I Am a Fugitive from a Georgia Chain Gang! was a sensational best-selling book by Robert Elliott Burns. Published in 1932, it recounts the dramatic story of the author’s imprisonment in Georgia and his two successful escapes, eight years apart, with seven years of freedom, business success, and emotional intrigue in between. It was also the basis of a popular movie entitled I Am a Fugitive from a Chain Gang, produced later that year by Warner Brothers.

The Book

A native of Brooklyn, New York, Burns was a drifter and a battle-scarred World War I (1917-18) veteran who found himself living in a cheap hotel in Atlanta in 1922. In February of that year Burns and an accomplice stole $5.80 from a local grocer, Samuel Bernstein. They were arrested instantly; Burns was swiftly tried, convicted, and sentenced to six to ten years on the Campbell County (later Fulton County) chain gang. It did not take the stunned northerner long to comprehend that ten years on the chain gang was practically a death sentence. Southern chain gangs, notorious across the rest of the nation, had their origins in the scandalous convict lease system of the late nineteenth century. When convict leasing was abolished in 1908, with the demand for convict labor still growing, the chain gang took its place.

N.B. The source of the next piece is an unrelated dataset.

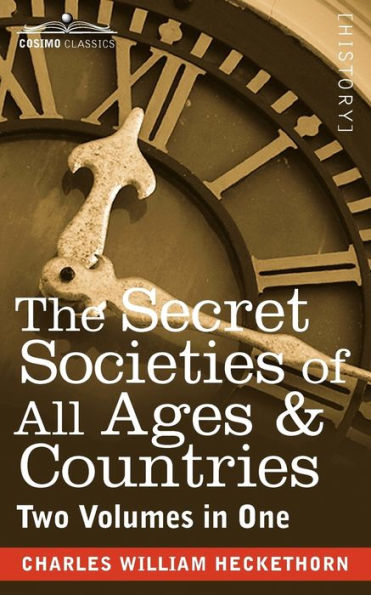 The Secret Societies of All Ages & Countries (Two Volumes in One)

Burns’s book is full of sensational, lurid, yet mostly verifiable descriptions of mistreatment, brutality, disgusting food, and labor so unrelenting and exhausting that it left men in a stupor. As he soon learned from his wretched fellow prisoners that to leave the chain gang a man had to “work out, pay out, die out, or run out,” Burns decided to run out. He did so in June 1922, after serving only a few months’ time. Burns’s dramatic escape to Chicago was crowned by brilliant success in the publishing business, social recognition, and marriage. But years later when he proved an unfaithful husband, his wife, Emily, turned him in to the authorities. His arrest on May 22, 1929, caused a sensation in Chicago. Burns had never told Emily about his past, but she discovered his secret by opening letters from his brother, the Reverend Vincent Burns, an Episcopal priest.

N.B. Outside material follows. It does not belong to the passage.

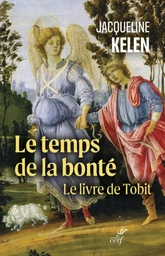 LE TEMPS DE LA BONTE - LE LIVRE DE TOBIT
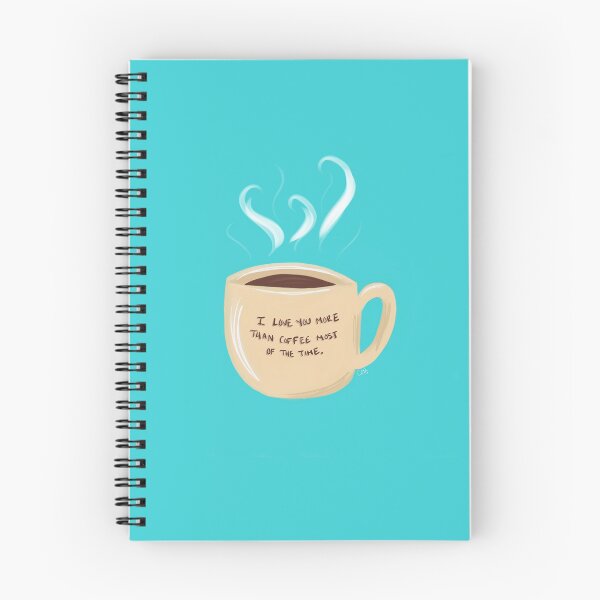 Item preview, Love You More Than Coffee designed and sold by Colleen Bingham.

In negotiations with officials from Georgia, Burns arranged to return to Georgia, take a soft job in the prison system, and receive a pardon after one year—or so he believed. But the state of Georgia was unrelenting, and Burns once more faced the hardships of the chain gang, this time at a prison in Troup County. In September 1930 he escaped a second time and made his way to Newark, New Jersey. There he wrote, “Georgia cannot win! . . . I have decided to write the true story, while in hiding, of my entire case.” Burns’s memoir, first serialized in True Detective Mysteries magazine, was published in January 1932 and was an instant success. “It would be hard to find a more thrilling story in either truth or fiction,” a New York Times reviewer wrote.

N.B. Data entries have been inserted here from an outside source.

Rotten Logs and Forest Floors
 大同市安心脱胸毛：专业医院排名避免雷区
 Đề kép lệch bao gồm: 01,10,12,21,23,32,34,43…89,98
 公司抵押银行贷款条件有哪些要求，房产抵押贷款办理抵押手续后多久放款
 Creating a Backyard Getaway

Some critics and scholars believe Burns’s brother ghostwrote the book. Vincent Burns, who was known mostly for his patriotic and religious poetry, served as the poet laureate for the state of Maryland from 1962 until his death in 1970. He also wrote Out of These Chains (1942), a sequel to I Am a Fugitive from a Georgia Chain Gang!, and The Man Who Broke a Thousand Chains: The Story of Social Reformation of the Prisons of the South (1968), a memoir of Robert Burns. Vincent Burns later sued his brother for a greater share of the profits received from the book and the film.

The Film

A motion picture version was put into production shortly after the book’s publication, directed by Mervyn LeRoy and starring one of Hollywood’s finest actors, Paul Muni, in the title role. Burns himself went incognito to serve as a consultant on the film. As indignant as Georgia officials were over the book’s publication, they were even more upset over the movie, and they insisted that Warner Brothers drop “Georgia” from the film’s title. Upon the movie’s release in late 1932—during one of the darkest periods of the Great Depression and days after the election of U.S. president Franklin D. Roosevelt—the theaters could not screen it often enough. A telegram to Warner Brothers in Hollywood told the tale: “fugitive biggest broadway sensation in last three years stop thousands turned away from box office tonight with lobby delay held four hours stop.”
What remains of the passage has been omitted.